Who should tell the data stories?
January 04, 2017
[This post is a precursor to the keynote I’ll give at the Open Belgium 2017 conference, March 6, Brussels]
From a real job opening:
Job description
The Senior Data Journalist will take a lead with the editorial element of our multi-disciplinary Digital Content team, working collaboratively with business areas to create high quality editorial materials in text, data and visual interactive.
Main responsibilities
Working with designers, web developers and statisticians, to produce compelling stories which connect data with a variety of audiences.
Essential
Degree in journalism or a related subject OR relevant publishing qualification AND/OR equivalent practical experience in data-driven journalism.
Practical experience of working in digital publishing, writing content for multiple channels, to challenging deadlines.
Can you guess what organization is hiring this Senior Data Journalist?
No, it’s not a media organization. This job opening was run last year by the Office for National Statistics. And what’s more: if you’re quick, you can still apply to work as a data journalist under this senior data journalist.

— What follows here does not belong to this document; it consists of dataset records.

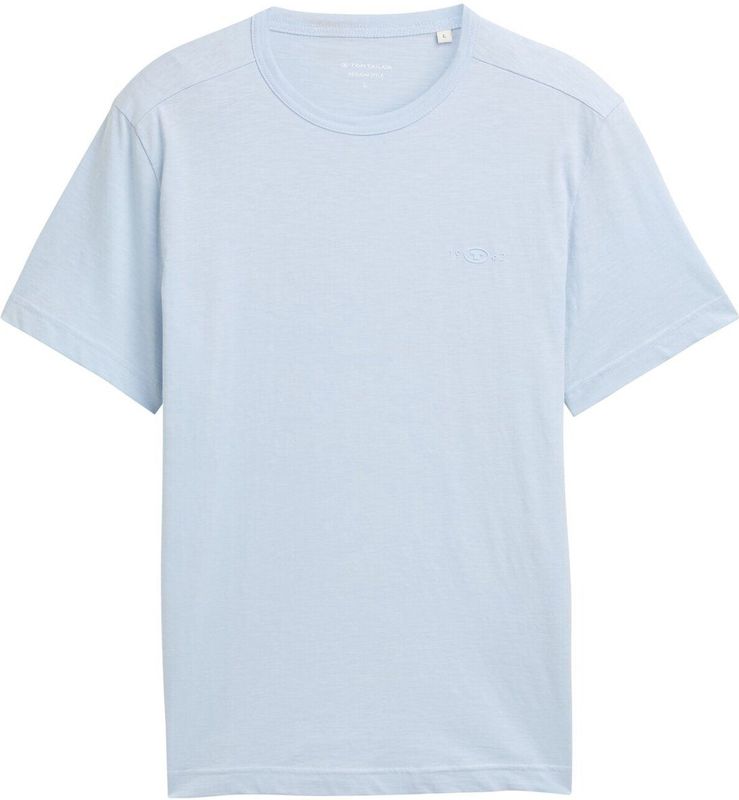 T-shirt - Light Metal Blue - Korte Mouwen - Geborduurd Logo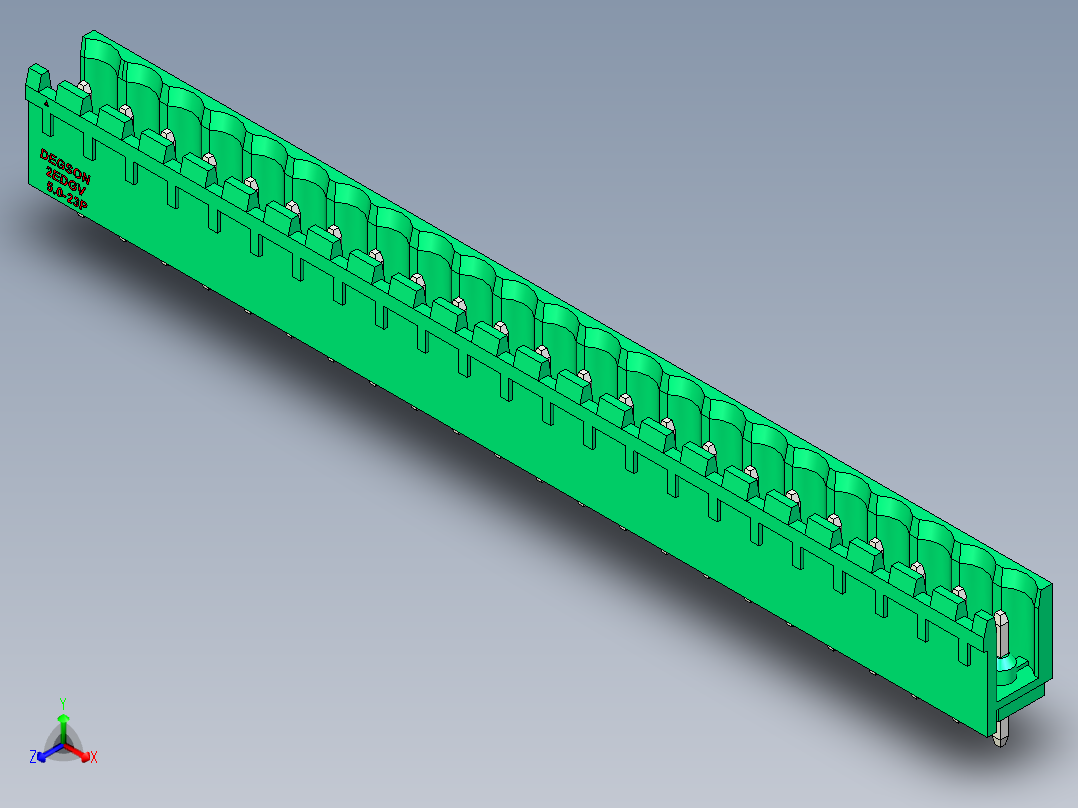 DEGSON 2EDG 系列 5.0mm 可插拔接线端子组-2EDGV-5.0-23P-14-00AH正等轴测图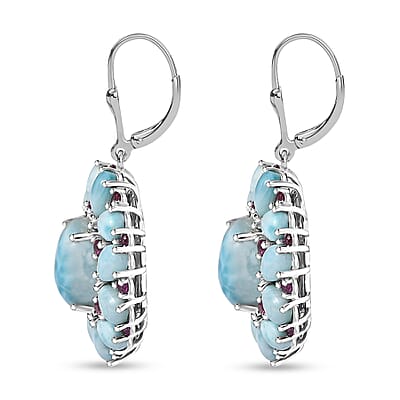 D'Joy Premium Larimar and Orissa Rhodolite Garnet 24.20 ctw Lever Back Earrings in Rhodium Over Sterling Silver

The ONS, one of the leading national offices for statistics worldwide, clearly has ambitions in the field of data journalism.
This is also obvious from visual.ONS, a subsite that that was launched in January 2015 and carries the tagline ‘Official data, new insights’. This is from the ‘About’ section of the visual.ONS:
Visual.ONS is a website exploring new approaches to making ONS statistics accessible and relevant to a wide public audience.

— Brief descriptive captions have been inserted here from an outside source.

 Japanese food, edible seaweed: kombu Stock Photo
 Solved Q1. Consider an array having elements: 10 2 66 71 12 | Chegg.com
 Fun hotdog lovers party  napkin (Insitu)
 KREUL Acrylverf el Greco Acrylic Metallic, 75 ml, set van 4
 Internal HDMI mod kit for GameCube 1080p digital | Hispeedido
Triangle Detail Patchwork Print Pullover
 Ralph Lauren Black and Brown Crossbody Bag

The site will be a home to a variety of different content, including infographics, interactive visualisations and short analysis, exploring data from a range of ONS outputs.

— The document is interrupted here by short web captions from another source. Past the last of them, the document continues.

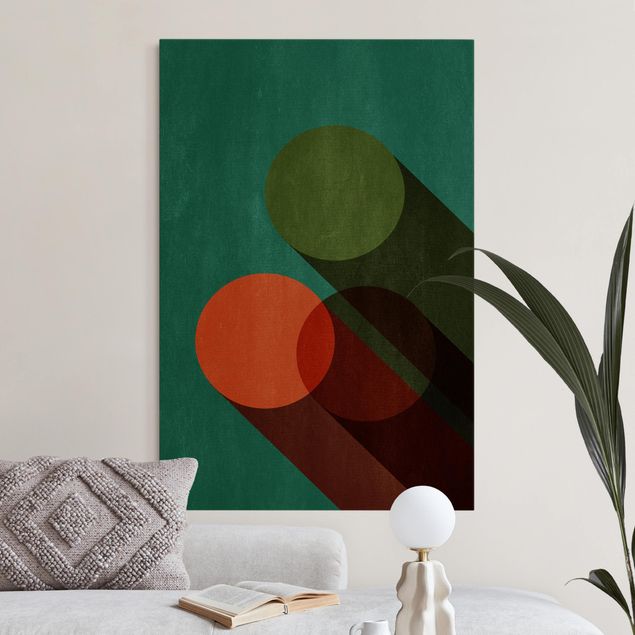 Wandbilder Abstrakte Formen - Kreise in Grün und Rot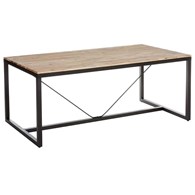 Stół Edena 180x90 cm Wytrzymała konstrukcja wykonana z połączenia drewna i metalu, idealny jako wyposażenie salonu, kuchni lub jadalni, mebel do samodzielnego montażu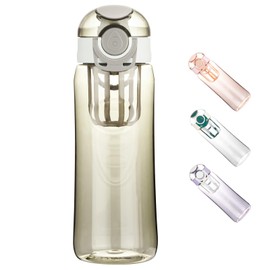 Kerilyn 28oz Water Bottle with Fruit Infuser Strainer, BPA-Free Sports Water Bottle, One-Click Clear Water Bottle with Safety Lock for Office, Gym, Outdoors, Grey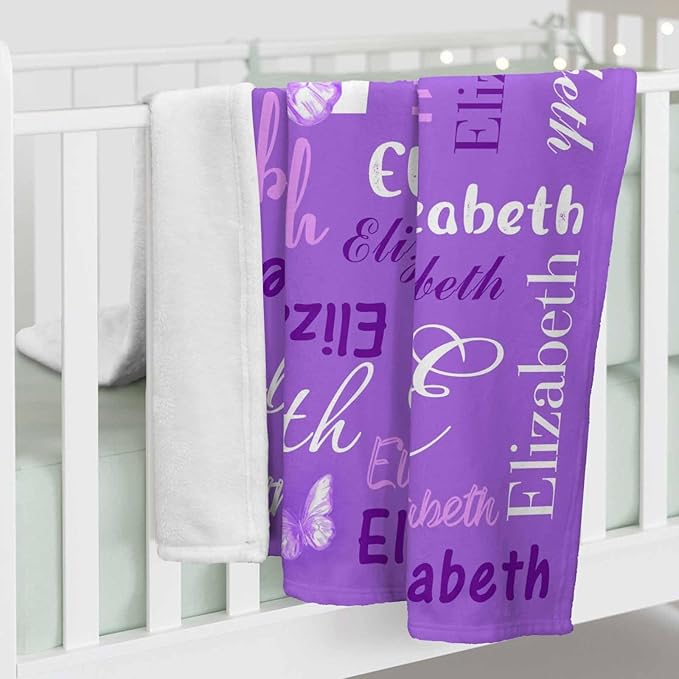 Personalized Toddler Blanket with Name for Girls Boys, Custom Baby Name Blanket Purple Butterfly Pattern, Soft Nursery Blanket for Baby Shower, Easter, Christmas, Birthday Newborn & Toddler Gifts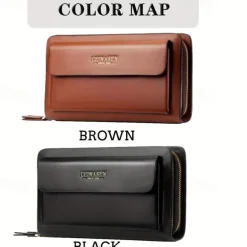 Men's Black Faux Leather Clutch Wallet – Large Capacity Zippered Business Handbag with Card Slots and Coin Pocket for Office, Travel, and Formal Occasions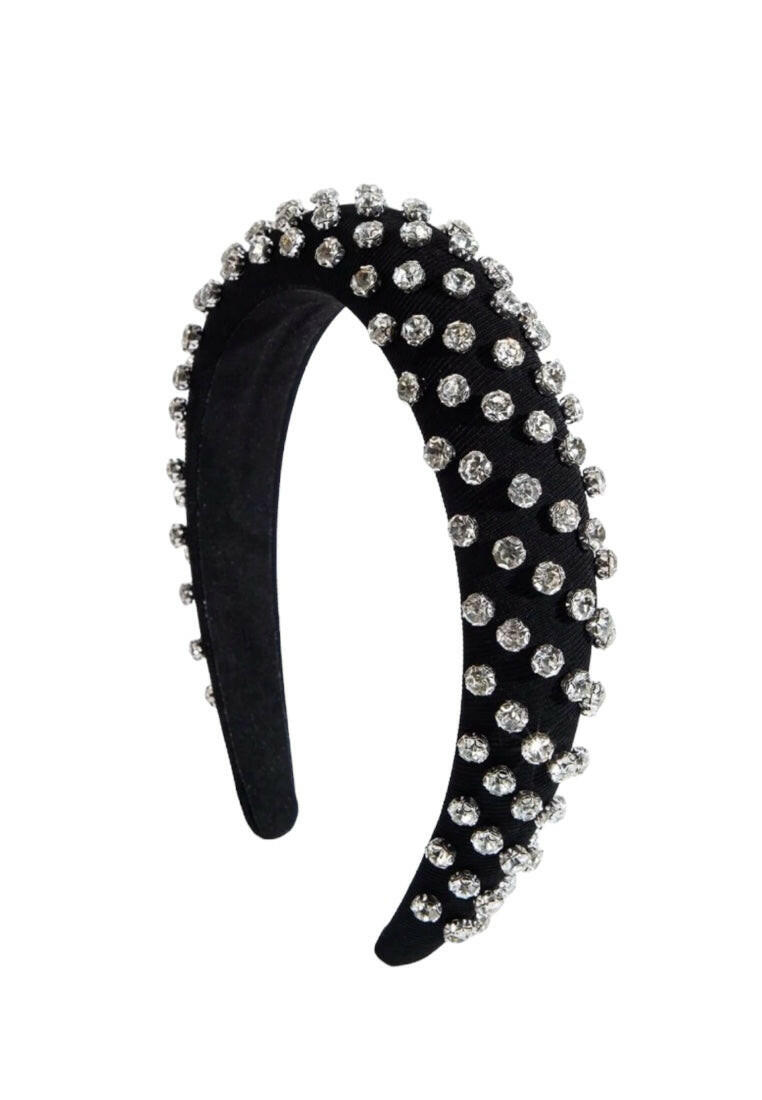 Black Crown Gemstone Decorated Headband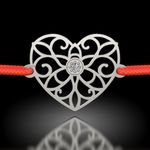 Fashion, accesorii si bijuterii - Femei - Bijuterii femei - Bratari femei - Bratara din argint cu diamant model Inima dantelata - Infinity.ro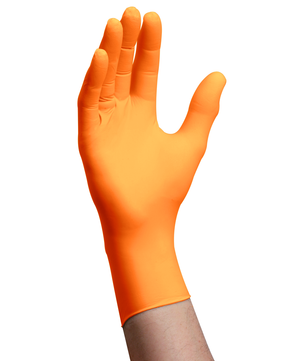 Nitrile gloves, powder free, Shieldskin Orange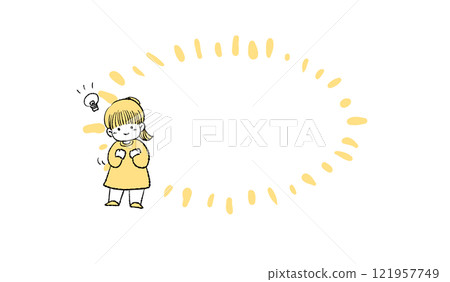 Illustration of a smiling girl posing with a fist pump and effect lines 121957749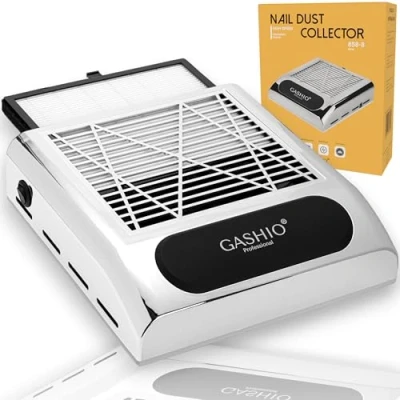 Abbildung von GASHIO® Nagelstaubabsauger Professioneller 80W Nagel Staubsauger für Acrylnägel, Gelnägel,Leistungsstarker Nagelsauger Maniküre Pediküre Silber HEPA Austauschbarer Wiederverwendba Filter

And what about Let’s get married. OK - when?, a longform multimedia piece, including video, historical photos and static and animated charts. A production many newsrooms would be very proud of.
So what’s wrong with government institutions doing data journalism and producing editorial content? In the end, they are the ones that put all the effort in collecting the data. And they are the ones that know the data best. Great that they now offer their data and their insights in more beautiful formats, that are accessible to lay people. Right?
Zero sum
Well, in times of decreasing budgets, critics say that statistical offices should stick to their core tasks of gathering, checking and publishing raw data. Inevitably, resources that are spent on data journalism and multimedia productions are resources not spent on statistical work.
This discussion is also going on the Netherlands, where the Centraal Bureau voor de Statistiek is presenting itself more and more as a news organization, reacting to breaking news and playing a bigger role in the public debate. It now has a newsroom of 25 editors. At the same time, the collection of new data on 30 statistical time series was discontinued.
The CBS newsroom, called 'the most beautiful place I worked in in 30 years of media' by editor in chief Mike Ackermans.
Read Ook onze statistiek wordt nu bepaald door de waan van de dag (Dutch), if you would like to read more about the CBS case.
Data left unpublished
When statistical offices do data journalism, they produce editorial content. This means that stories have a focus and things are left out. In data terms, this means the published data is aggregated, filtered or translated into graphics.
As long as the full, raw, unaggregated dataset is published alongside the data story, this doesn’t really pose a problem. But when offices cultivate an attitude of ‘the story is published, the public is informed, no need anymore to publish the raw data’, then this does pose a problem. Because then offices will make the editorial choices of what is important in the data and anyone else with an interest in the data is cut off from the raw data.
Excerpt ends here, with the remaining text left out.